In this case the court had to consider whether the taxpayer, ABC Holdings (Pty) Ltd, was entitled to claim a deductible allowance of enhancement income of R9,354,458.00 received in terms of a contract for future expenditure in terms of s24C of the Income Tax Act, No 58 of 1962 (Act) for its 2011 year of assessment. The other issue that arose in this case and which is the focus of this article, was whether the South African Revenue Service (SARS) was correct to levy an understatement penalty in the circumstances.
The facts of this matter, briefly, are that the taxpayer conducts the business of administering and managing retirement villages and their frail care centres. It claimed the s24 allowance in its 2011 year of assessment. Subsequently, SARS conducted an audit during January 2014 and notified the taxpayer that the s24C allowance was incorrectly claimed by the taxpayer. As a result of the disallowance by SARS, the taxpayer was held liable for the income tax payable on the above amount as well as an understatement penalty in the amount of R261,924.80.
After the court found that the taxpayer was not entitled to claim a deduction in terms of s24C, it had to consider whether SARS was correct in levying an understatement penalty in terms of the provisions of s222 and s223 of the Tax Administration Act, No 28 of 2011 (TAA). The taxpayer submitted that the understatement arose as a result of a bona fide inadvertent error, contemplated in s222(1), in which case no understatement penalty would be payable by the taxpayer. In considering whether the understatement penalty arose due to a bona fide inadvertent error, the court noted that the taxpayer was assisted by Mr E of LL Accountants and that a tax opinion was obtained from a Professor T, which was attached to the notice of objection and in which Prof T concluded that the s24C allowance could be claimed.

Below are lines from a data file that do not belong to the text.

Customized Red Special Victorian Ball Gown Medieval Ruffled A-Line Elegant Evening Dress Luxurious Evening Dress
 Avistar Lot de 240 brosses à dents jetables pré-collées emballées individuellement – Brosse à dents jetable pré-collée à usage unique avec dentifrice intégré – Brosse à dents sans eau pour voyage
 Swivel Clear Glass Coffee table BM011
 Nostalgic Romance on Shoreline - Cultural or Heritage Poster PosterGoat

In terms of s221 of the TAA, an “understatement” means any prejudice to SARS in respect of a tax period as a result of a default in rendering a return, an omission for a return, an incorrect statement in a return, or failure to pay the correct amount of tax where no return is required. Such understatement penalty would not be payable if it arose due to a bona fide inadvertent error, as stated in s222(1). As the TAA does not define the meaning of the phrase “bona fide inadvertent error” the court considered the dictionary meaning of these words. It concluded from these dictionary meanings that a “bona fide inadvertent error has to be an innocent misstatement by a taxpayer on his or her return, resulting in an understatement, while acting in good faith and without the intention to deceive”.
The court found that on the facts of the present matter, there was no doubt that the taxpayer had acted in good faith and with no intention to deceive. Since Prof T had gone as far as interpreting case law on the interpretation of contracts, some of which was relied on by the taxpayer’s counsel in his argument, it could have given the impression that his interpretation of s24C would more than likely be upheld in court. It could therefore be argued that Prof T strayed into offering a legal opinion, which would make the taxpayer’s argument less plausible. The court held, however, that there was merit in excusing the taxpayer for its reliance on Prof T’s opinion on the basis of it being lay on issues of tax and the law and therefore ordered that the understatement penalty be remitted.